Final Thoughts and Promotion of 'Lifehouse'

01:02:05
Speaker
you know you you might It's uncomfortable. now It's uncomfortable to be you know to to cross that threshold of intimacy with people that you know you might have good reason to fear.
01:02:16
Speaker
I get that. And I think that it's worth attending to the experiences of people, you know, like those, you know, in... The immediate example I always go to is the Bosnian war, but yeah there are examples from every period of history where, you know, guess what? It's your neighbor that actually poses the biggest threat to you.
01:02:35
Speaker
I think none of this is without risk. None of this is without nuance. None of this, you should certainly never do anything that, you know trust your instincts about safety and certainly don't open yourself up.
01:02:48
Speaker
to people who mean you harm.
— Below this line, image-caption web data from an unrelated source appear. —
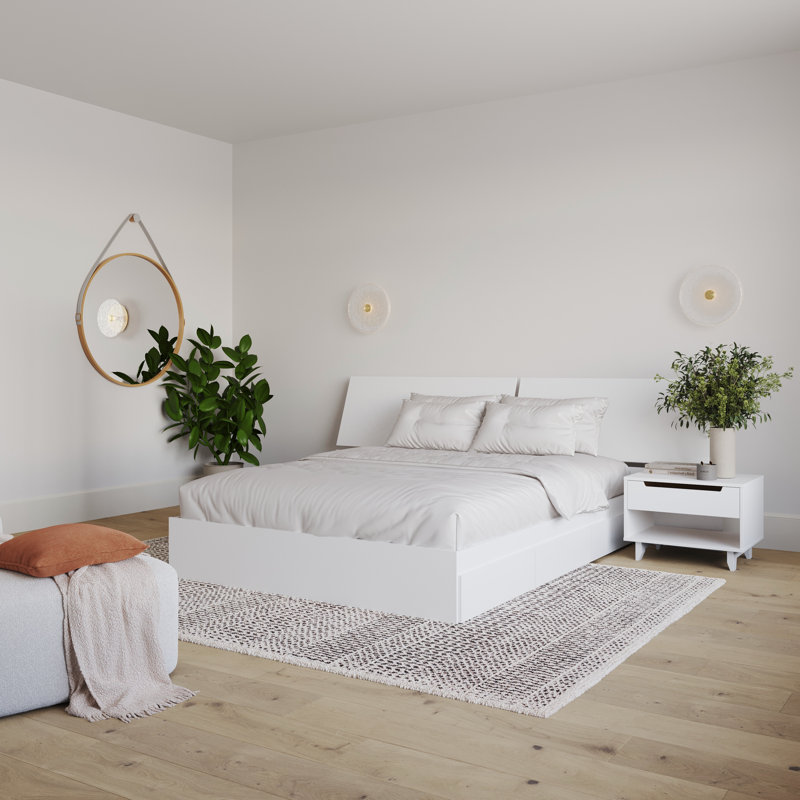 Ensemble de chambre avec grand lit réversible 3 pièces Marvelle, Blanc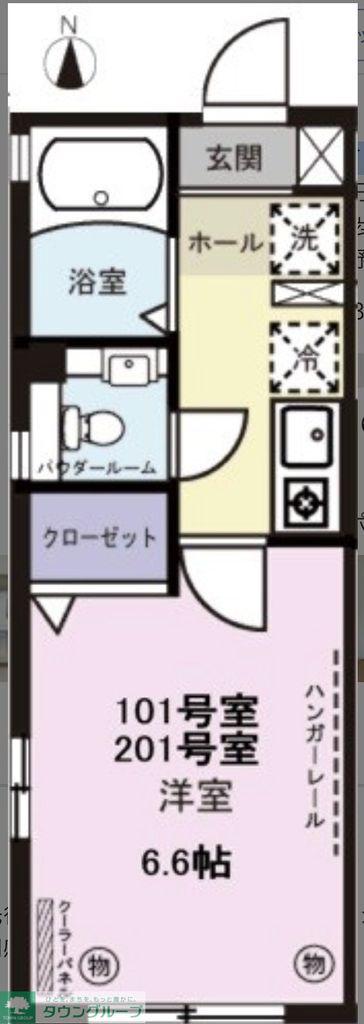 GLUCK(1K/2階)の間取り写真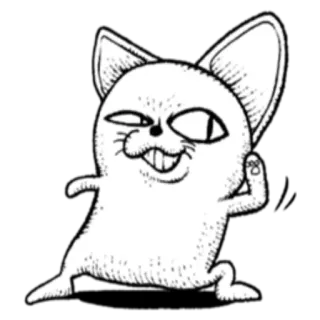👂 猫, 漫画, スケッチ, イラスト, 動物 telegram sticker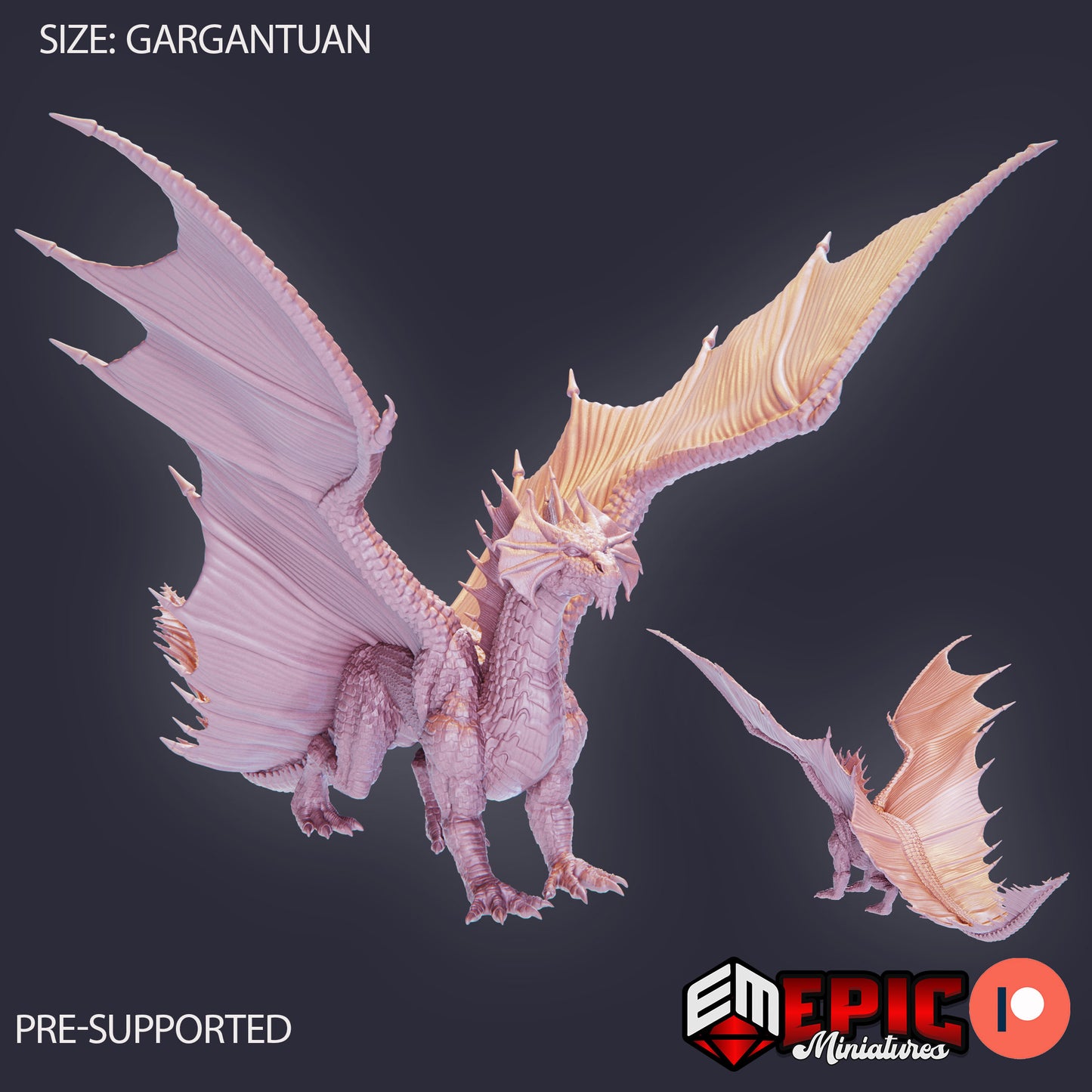 3D Resin Miniature Brass Dragon - D&D Epic Miniatures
But to the degree that it's safe for you to do so, there is literally nothing that you can do that will better prepare you for a wider range of outcomes, no matter what comes, than getting to know the people around you. Because it is going to be those people who you depend on and who depend on you when it happens.
01:03:08
Speaker
Well, thank you for joining us. This has been a wonderful conversation. yeah And you've been listening to The Beautiful Idea. ah Do you have anything you want to plug before we sign off? You know what?
01:03:18
Speaker
ah Not really. I mean, I think like it's it's weird. like i Yes, I would love it if people read the book. I hope that they would find it meaningful and and enjoyable.
01:03:29
Speaker
But you know they'll they'll find to they'll find their way to it or not. you know For the folks that are listening to this, if anything I've said makes sense, the book is called Lifehouse, Taking Care of Ourselves in a World on Fire. It's on Verso Books, and it's available in you know wherever better progressive books are sold.
01:03:46
Speaker
how did that yeah that, that's a plug. Yeah. Yeah. I've learned like the language of pluggery from late capitalism. Exactly. So yeah. Thank you for, thanks for listening to the beautiful idea. ah We will be back soon with more conversation. Anything you want say before you sign off?
01:04:02
Speaker
Thank you and take care. be well, be safe ah be safe, be healthy, and and ah really consider introducing yourself to the people around you. It's very powerful.
01:04:12
Speaker
All right. Well, thanks for listening, everyone, and we will be back soon.